> Exercise material
##########

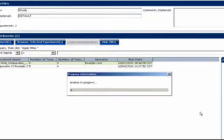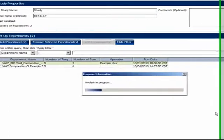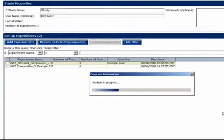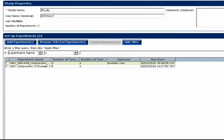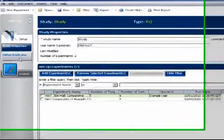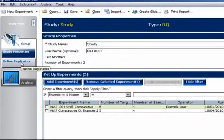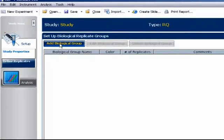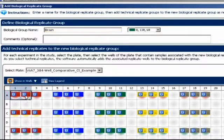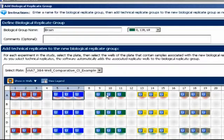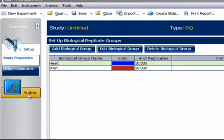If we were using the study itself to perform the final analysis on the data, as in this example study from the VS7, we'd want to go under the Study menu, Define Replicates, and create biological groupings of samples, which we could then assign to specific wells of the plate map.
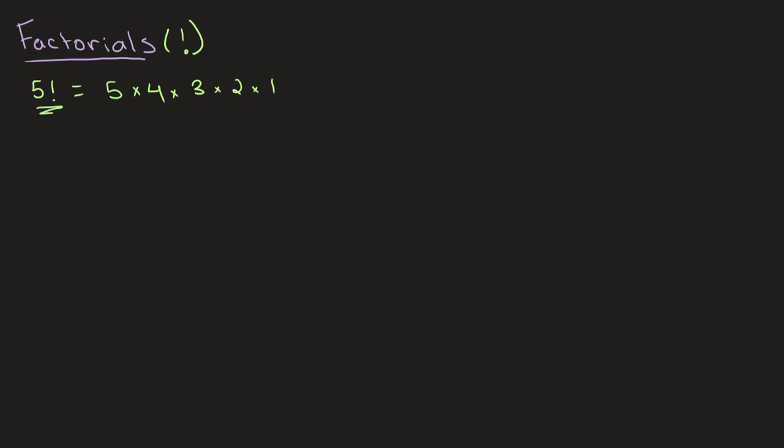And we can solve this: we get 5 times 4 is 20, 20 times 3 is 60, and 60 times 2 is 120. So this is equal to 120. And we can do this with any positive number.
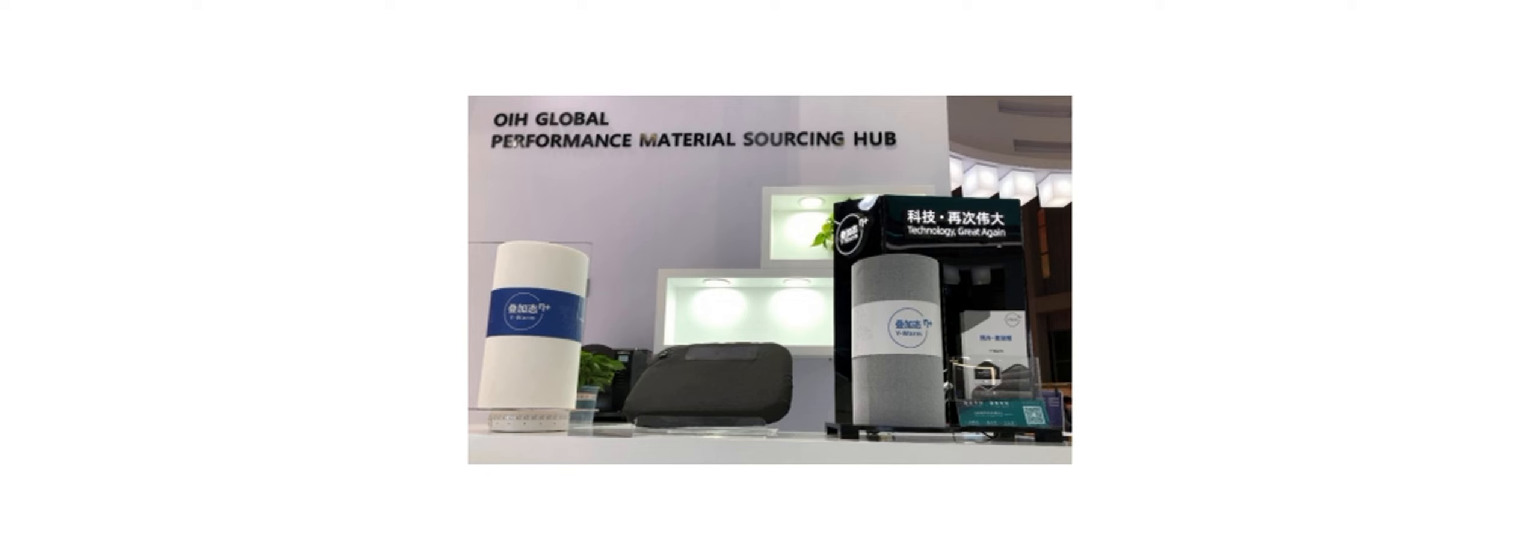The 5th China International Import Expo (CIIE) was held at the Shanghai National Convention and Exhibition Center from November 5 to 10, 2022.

##########

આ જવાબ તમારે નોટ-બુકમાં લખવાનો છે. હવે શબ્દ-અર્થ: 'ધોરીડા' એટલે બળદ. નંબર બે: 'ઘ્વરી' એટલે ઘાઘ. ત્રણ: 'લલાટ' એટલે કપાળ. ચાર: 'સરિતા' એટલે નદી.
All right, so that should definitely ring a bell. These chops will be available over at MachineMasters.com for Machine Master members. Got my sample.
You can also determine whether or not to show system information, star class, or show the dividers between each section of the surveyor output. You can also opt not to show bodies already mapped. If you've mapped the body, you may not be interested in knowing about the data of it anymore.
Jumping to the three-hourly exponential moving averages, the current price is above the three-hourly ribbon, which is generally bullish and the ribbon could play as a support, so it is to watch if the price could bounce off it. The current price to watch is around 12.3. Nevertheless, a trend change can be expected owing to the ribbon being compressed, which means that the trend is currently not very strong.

##########

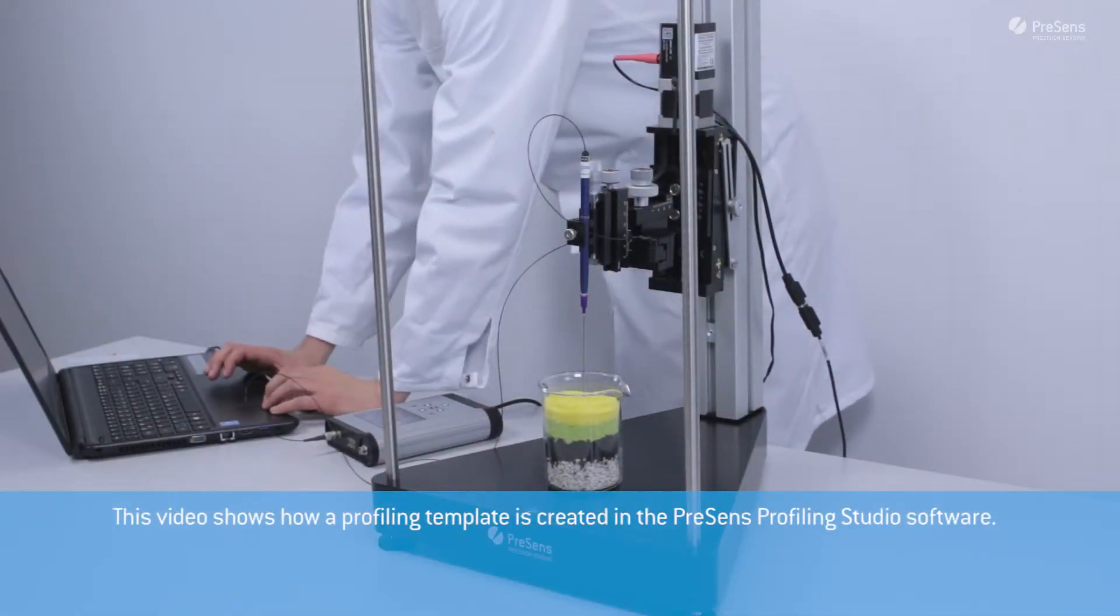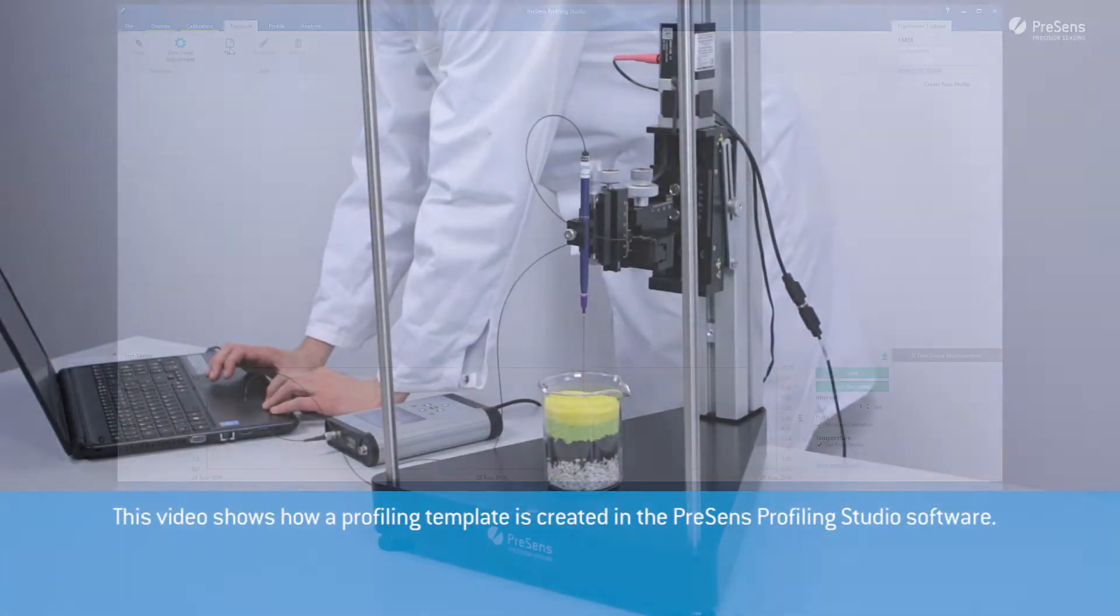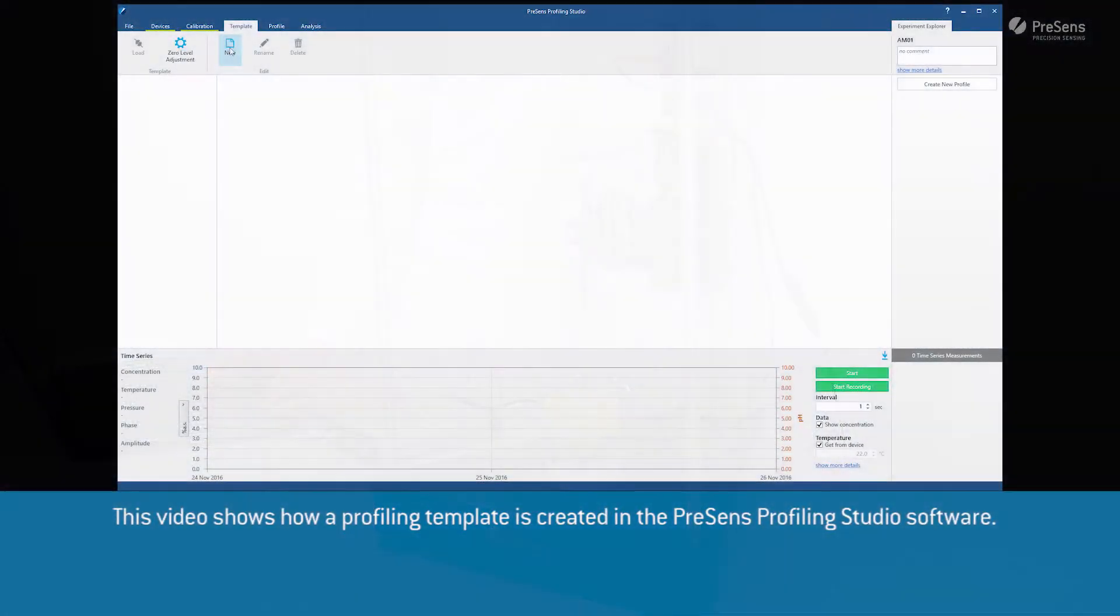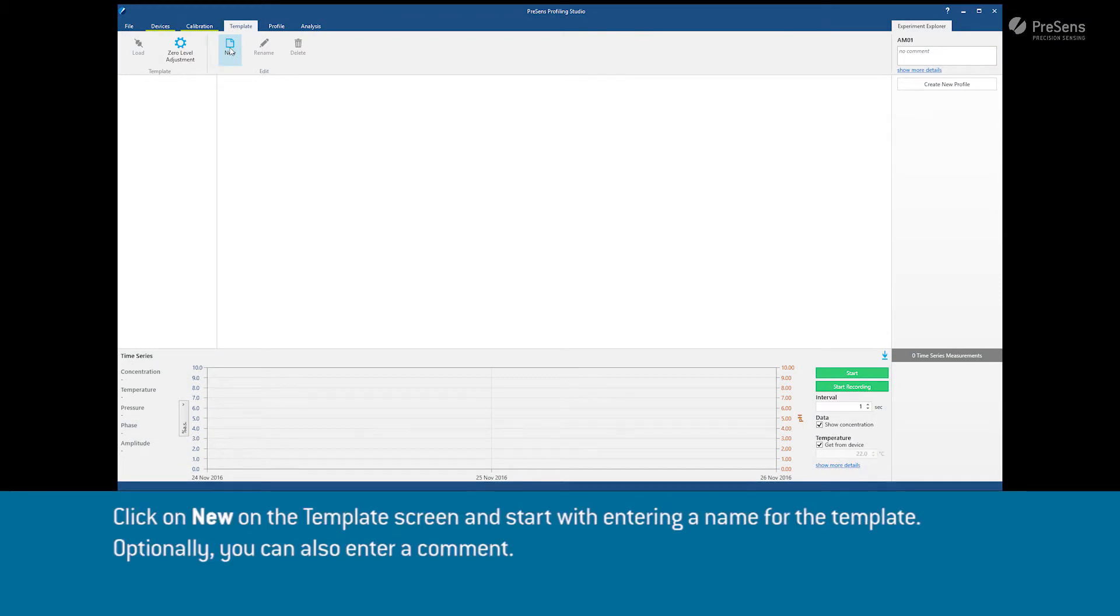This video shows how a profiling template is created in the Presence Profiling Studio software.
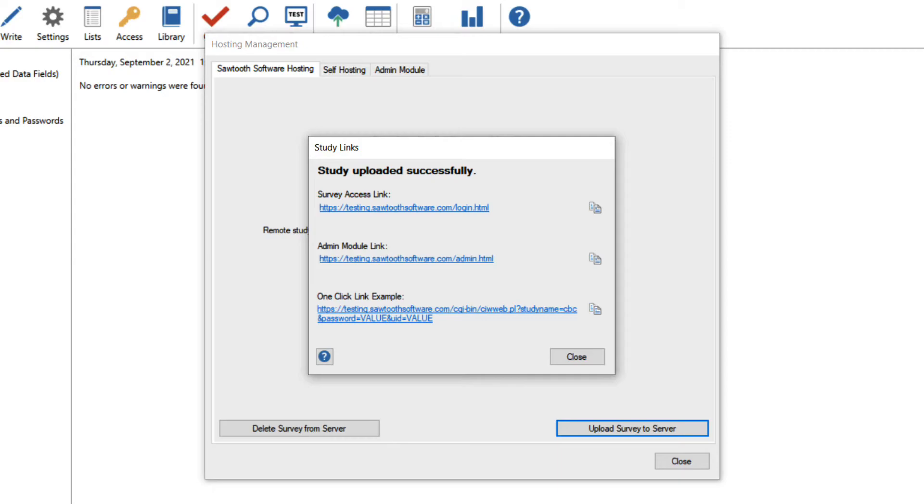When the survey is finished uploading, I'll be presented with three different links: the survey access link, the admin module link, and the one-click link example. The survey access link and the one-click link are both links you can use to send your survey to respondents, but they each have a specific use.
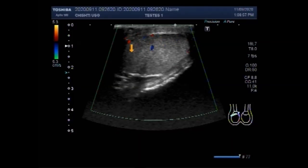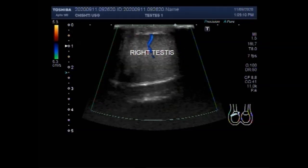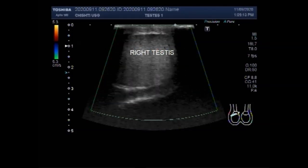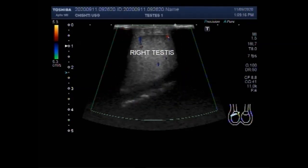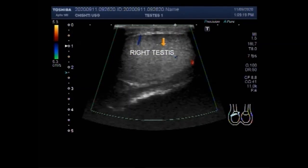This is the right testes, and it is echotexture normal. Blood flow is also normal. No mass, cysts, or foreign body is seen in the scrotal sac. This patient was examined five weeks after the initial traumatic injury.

##########

> Exercise prompt
In the listing above, find the line containing "If we were using" and the line containing "The 5th China"; print those lines and every line between them exactly, leaving out pictures.

> Response below
If we were using the study itself to perform the final analysis on the data, as in this example study from the VS7, we'd want to go under the Study menu, Define Replicates, and create biological groupings of samples, which we could then assign to specific wells of the plate map.
And we can solve this: we get 5 times 4 is 20, 20 times 3 is 60, and 60 times 2 is 120. So this is equal to 120. And we can do this with any positive number.
The 5th China International Import Expo (CIIE) was held at the Shanghai National Convention and Exhibition Center from November 5 to 10, 2022.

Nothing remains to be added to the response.